→ **ASSIGNMENT**:
What is needed is an exact copy of the records below, minus any pictures.

##### EXERCISE INPUTS #####

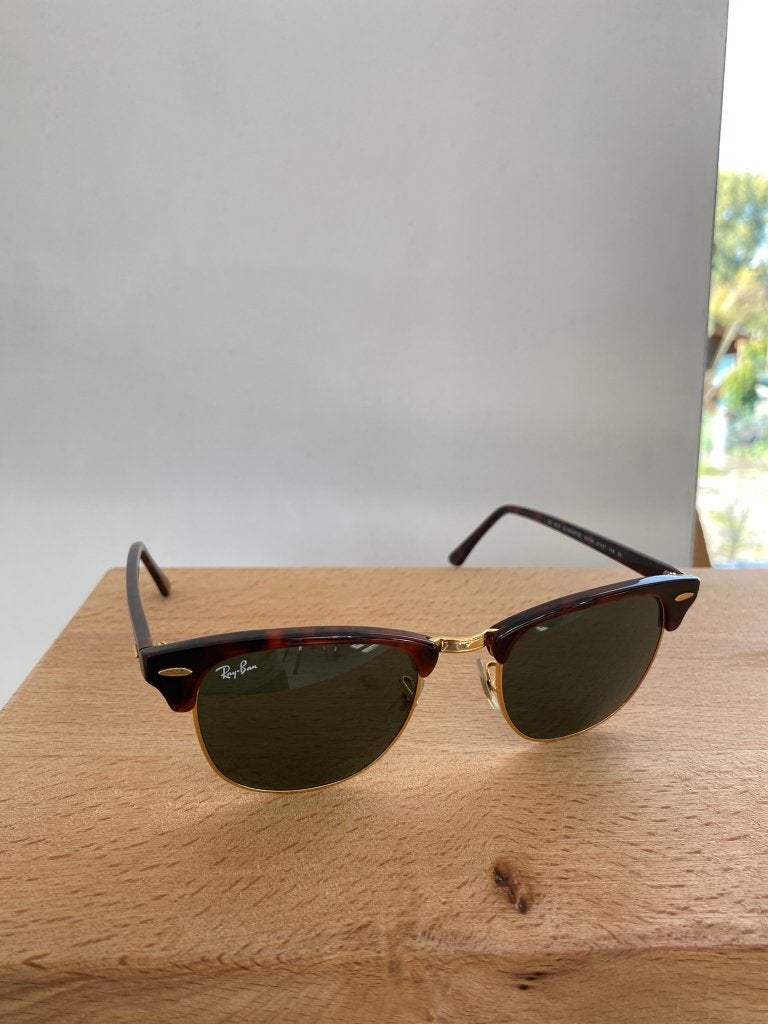 Ray-Ban Clubmaster zonnebril + etui, Ophalen of Verzenden, Zo goed als nieuw, Zonnebril, Ray-Ban
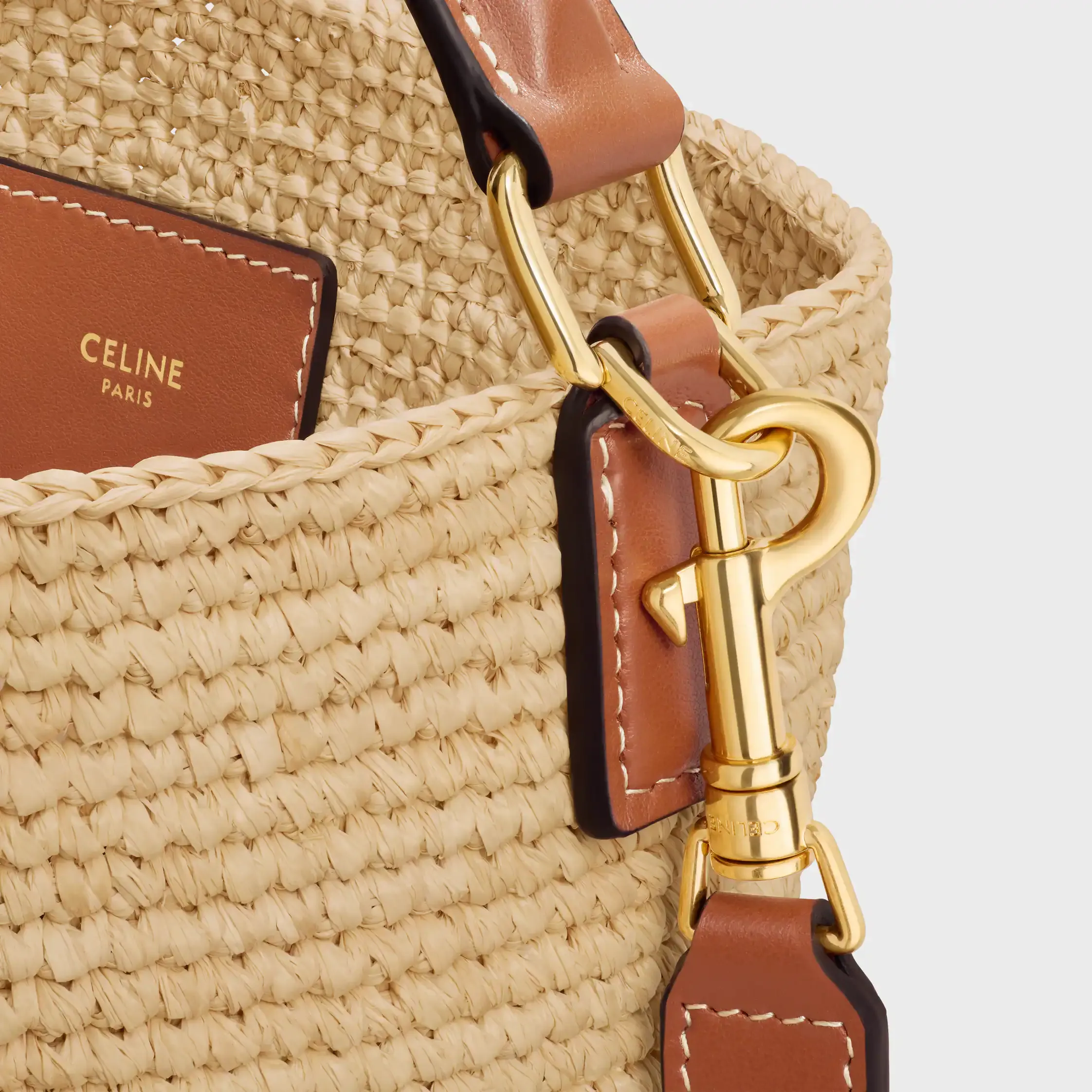MITTELGROßE LOUISE-UMHÄNGE TASCHE AUS RATTAN UND KALBSLEDER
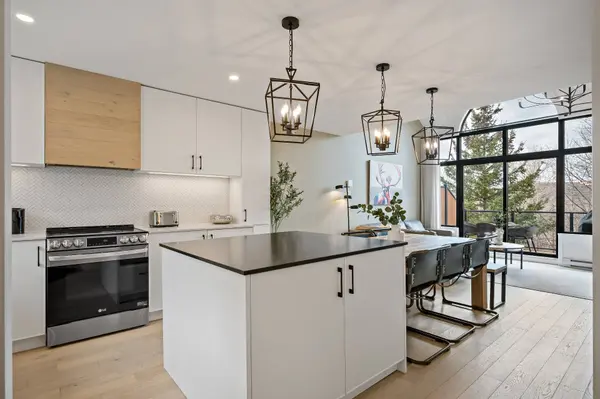 168 Ch. de la Forêt #202, Mont-tremblant, QC J8E3K8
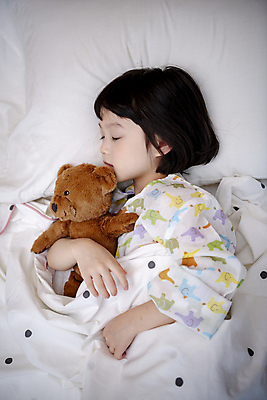 포토 JPG 여자 어린이 베개 안기 실내 병원 한명 소녀 상반신 앞모습 옆모습 하이앵글 눕기 눈감음 곰인형 이불 한국인 잠 질병 환자복 어린이사고 병원침대 입원 소녀한명만 어린이병원 국내포토 1 옷 인형 뷰포인트 의학 침구 모션 사람 동양인 내부 환자 침대 사건 여자한명만 소녀만 파일형식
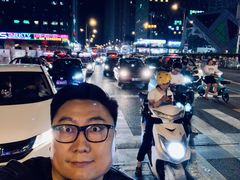 -凤凰路何眼镜香辣蟹(花果园店)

#####

→ **WRITTEN RESPONSE**:
 Ray-Ban Clubmaster zonnebril + etui, Ophalen of Verzenden, Zo goed als nieuw, Zonnebril, Ray-Ban
MITTELGROßE LOUISE-UMHÄNGE TASCHE AUS RATTAN UND KALBSLEDER
 168 Ch. de la Forêt #202, Mont-tremblant, QC J8E3K8
 포토 JPG 여자 어린이 베개 안기 실내 병원 한명 소녀 상반신 앞모습 옆모습 하이앵글 눕기 눈감음 곰인형 이불 한국인 잠 질병 환자복 어린이사고 병원침대 입원 소녀한명만 어린이병원 국내포토 1 옷 인형 뷰포인트 의학 침구 모션 사람 동양인 내부 환자 침대 사건 여자한명만 소녀만 파일형식
 -凤凰路何眼镜香辣蟹(花果园店)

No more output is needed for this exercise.